Bankers Trust Co. of New York, the nation's ninth-largest bank, yesterday cut its prime lending rate from 12 3/4 to 12 1/4 percent, in line with recent declines in short-term market interest rates.
The news prompted a quick rally in the stock market, with the Dow Jones industrials average up 12.26 points, closing at 1202.96.
Financial analysts yesterday appeared uneasy about how the market would digest the $42 billion worth of Treasury securities that will be auctioned over the next few weeks, beginning today with the sale of seven-year notes.
No other major bank immediately followed the lead of Bankers Trust, but analysts said they expect the lower rate to spread soon. Most large banks dropped their rate from 13 to 12 3/4 percent last month, although Wells Fargo Bank in San Francisco went to 12 1/2 percent at that time.
Since then, the Federal Reserve Board has supplied sufficient reserves to the banking system to keep short-term market interest rates moving downward, as a result of the added money available and of the market's perception that the Fed wants rates lower.
"Despite the disparity between banks, interest rates will be lower by the end of the year, with two fundamental factors pulling them down," said David M. Jones, an economist at Aubrey G. Lanston & Co. "Money growth is below Federal Reserve targets, and the economy is cooling substantially.
"The Fed already has eased a notch, and there are expectations it will ease further," Jones said.
Jones believes the split in the prime among banks is the result of uncertainty over Fed policy and over the future cost of funds. "Also, some banks want to maintain the widest profit margins possible to make up for earnings reductions because of nonaccrual loans," he said.
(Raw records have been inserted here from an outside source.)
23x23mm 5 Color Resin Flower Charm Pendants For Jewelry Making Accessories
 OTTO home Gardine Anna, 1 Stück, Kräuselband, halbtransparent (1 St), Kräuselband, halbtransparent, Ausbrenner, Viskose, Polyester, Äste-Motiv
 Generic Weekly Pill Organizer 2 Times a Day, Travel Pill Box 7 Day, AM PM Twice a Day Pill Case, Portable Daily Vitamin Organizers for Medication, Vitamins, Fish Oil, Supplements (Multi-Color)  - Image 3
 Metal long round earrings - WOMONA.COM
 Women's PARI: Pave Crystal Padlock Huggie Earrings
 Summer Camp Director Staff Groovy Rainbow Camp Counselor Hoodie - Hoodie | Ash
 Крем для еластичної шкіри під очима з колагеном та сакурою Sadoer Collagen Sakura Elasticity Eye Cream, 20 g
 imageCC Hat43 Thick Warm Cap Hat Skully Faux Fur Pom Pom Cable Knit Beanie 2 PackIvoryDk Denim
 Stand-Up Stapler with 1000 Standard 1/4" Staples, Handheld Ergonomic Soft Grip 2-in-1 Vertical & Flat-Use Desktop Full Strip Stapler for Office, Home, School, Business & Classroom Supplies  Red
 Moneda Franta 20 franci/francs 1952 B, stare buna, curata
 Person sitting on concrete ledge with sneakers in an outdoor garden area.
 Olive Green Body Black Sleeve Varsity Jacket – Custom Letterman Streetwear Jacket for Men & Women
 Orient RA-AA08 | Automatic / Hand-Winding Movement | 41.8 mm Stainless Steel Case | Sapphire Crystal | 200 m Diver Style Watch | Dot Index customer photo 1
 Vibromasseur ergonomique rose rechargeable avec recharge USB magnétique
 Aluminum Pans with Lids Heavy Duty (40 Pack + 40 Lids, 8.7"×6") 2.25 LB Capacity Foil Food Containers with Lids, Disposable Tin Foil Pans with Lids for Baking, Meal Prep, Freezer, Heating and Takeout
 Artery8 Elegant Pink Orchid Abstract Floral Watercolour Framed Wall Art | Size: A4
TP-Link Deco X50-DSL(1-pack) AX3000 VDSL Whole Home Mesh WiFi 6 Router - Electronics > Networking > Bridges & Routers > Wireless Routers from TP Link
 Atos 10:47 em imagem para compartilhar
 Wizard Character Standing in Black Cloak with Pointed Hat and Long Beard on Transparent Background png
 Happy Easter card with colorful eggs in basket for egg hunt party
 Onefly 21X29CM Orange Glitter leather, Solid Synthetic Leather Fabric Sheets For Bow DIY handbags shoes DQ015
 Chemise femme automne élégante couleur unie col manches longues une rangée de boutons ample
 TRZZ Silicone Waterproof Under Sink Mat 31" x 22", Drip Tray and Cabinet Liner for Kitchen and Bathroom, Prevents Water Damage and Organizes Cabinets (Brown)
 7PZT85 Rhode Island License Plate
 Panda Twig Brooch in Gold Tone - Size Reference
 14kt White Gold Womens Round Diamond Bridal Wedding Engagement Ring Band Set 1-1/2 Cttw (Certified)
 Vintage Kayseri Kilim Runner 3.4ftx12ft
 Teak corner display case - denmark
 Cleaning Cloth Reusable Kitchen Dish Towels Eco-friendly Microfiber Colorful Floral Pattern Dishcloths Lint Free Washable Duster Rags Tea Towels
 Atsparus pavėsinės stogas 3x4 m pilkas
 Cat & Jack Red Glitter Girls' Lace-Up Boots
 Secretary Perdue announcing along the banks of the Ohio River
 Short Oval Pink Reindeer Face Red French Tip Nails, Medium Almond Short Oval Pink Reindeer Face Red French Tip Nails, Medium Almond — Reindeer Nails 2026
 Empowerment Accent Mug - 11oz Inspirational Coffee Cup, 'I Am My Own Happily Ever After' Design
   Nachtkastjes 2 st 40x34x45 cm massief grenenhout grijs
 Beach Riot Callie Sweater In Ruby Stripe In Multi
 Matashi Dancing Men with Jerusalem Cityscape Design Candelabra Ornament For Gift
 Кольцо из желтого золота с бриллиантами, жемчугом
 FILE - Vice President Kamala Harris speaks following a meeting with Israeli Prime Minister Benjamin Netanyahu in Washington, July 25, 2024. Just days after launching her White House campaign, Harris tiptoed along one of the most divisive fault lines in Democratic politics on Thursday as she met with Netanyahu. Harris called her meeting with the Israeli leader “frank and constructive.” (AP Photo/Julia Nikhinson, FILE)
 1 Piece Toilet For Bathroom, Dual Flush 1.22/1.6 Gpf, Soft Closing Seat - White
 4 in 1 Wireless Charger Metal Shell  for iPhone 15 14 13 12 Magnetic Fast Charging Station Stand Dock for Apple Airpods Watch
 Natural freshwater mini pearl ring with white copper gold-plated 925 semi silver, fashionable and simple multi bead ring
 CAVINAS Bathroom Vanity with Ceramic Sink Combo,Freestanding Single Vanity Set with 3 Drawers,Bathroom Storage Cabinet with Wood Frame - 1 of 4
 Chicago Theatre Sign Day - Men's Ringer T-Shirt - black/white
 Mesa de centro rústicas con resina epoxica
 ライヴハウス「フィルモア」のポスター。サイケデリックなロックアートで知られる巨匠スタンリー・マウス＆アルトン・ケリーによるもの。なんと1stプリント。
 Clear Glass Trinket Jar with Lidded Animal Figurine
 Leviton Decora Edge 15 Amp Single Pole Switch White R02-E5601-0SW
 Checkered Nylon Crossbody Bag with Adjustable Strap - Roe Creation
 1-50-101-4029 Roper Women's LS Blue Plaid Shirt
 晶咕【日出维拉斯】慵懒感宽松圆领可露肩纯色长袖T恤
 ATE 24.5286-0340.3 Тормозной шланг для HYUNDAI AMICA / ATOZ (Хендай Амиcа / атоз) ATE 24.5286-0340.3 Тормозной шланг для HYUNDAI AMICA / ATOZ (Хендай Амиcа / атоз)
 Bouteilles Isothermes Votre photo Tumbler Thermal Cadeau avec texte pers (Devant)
The key federal funds rate -- the interest that banks charge when they lend reserves to each other -- has been below 10 1/2 percent in recent days. The yield on large three-month certificates of deposit, a significant source of funds for banks, is only slightly higher.
At the same time, many corporate borrowers have turned to sources other than banks for needed financing. Some have been replacing short-term bank debt with longer-term bond sales, including several billion dollars worth of new issues sold in the Eurobond market. Others have been turning to the commercial paper market where rates are lower. Nonfinancial corporations increased their issues of commercial paper -- unsecured corporate promissory notes -- by almost $15 billion in the third quarter alone.
Loans have picked up slightly in recent weeks, but Allan Leslie, vice president and economist at Discount Corp. of New York, said that part of the pickup in loans is seasonal.
"The recent slowing of the economy has brought down credit demands, and despite the fact that loans are growing now, they are not anywhere near as strong as one would have anticipated this time of year," Leslie said.
"But bank CD rates have come down along with the fed funds rate, and this undoubtedly is what prompted Bankers' action," he said.
Meanwhile, the slower pace of the economic expansion continued to be confirmed by new statistics. The Commerce Department reported yesterday that business inventories grew 0.8 percent in August as sales fell 0.2 percent. Stocks of goods held by manufacturers, retailers and wholesalers increased by $4.6 billion. Inventories also rose 0.8 percent in July, when sales were down 0.6 percent.
August was the 14th consecutive month of inventory accumulation that began when the recession ended. Most forecasters do not believe the buildup of stocks is large enough to cause a major cutback in production, as occurred during the 1981-82 recession.
Inventories of manufactured goods, including work in progress, rose the most, up 1.3 percent, or $3.5 billion, to $283.5 billion. Retail inventories grew 0.7 percent, or $1.1 billion, to $79.7 billion, the first monthly increase for that category since April, largely the result of a buildup of cars on dealers' lots prior to the brief strike against General Motors, the department said. Wholesale inventories were virtually unchanged, at $126.2 billion.
Robert Ortner, the department's chief economist, said manufacturers and retailers should be worrying about not having enough on their shelves and in their warehouses and not be concerned about too much inventory accumulation. "Consumers are raring to go. Incomes are there. Confidence is near an all-time high," he said. Ortner noted that retail sales went up in September after two previous months of decline, and added, "If production doesn't follow very quickly, the consumer is going to denude the economy's shelves."
But businessmen, who are trying to keep a tight control on costs, such as those associated with carrying unwanted stocks, were quick to adjust their orders and production levels to the somewhat unexpected drop in sales. Ortner acknowledged that industrial production may have declined in September as a result.
The Federal Reserve will release the September figures for production today.
Separately, the Labor Department said that a broad government measure of workplace efficiency in private business advanced at an annual rate of 2.9 percent last year, the steepest gain since 1977.
The department's "multifactor" productivity figure covers not just labor productivity, usually reported as output per hour worked, but also the contribution of capital.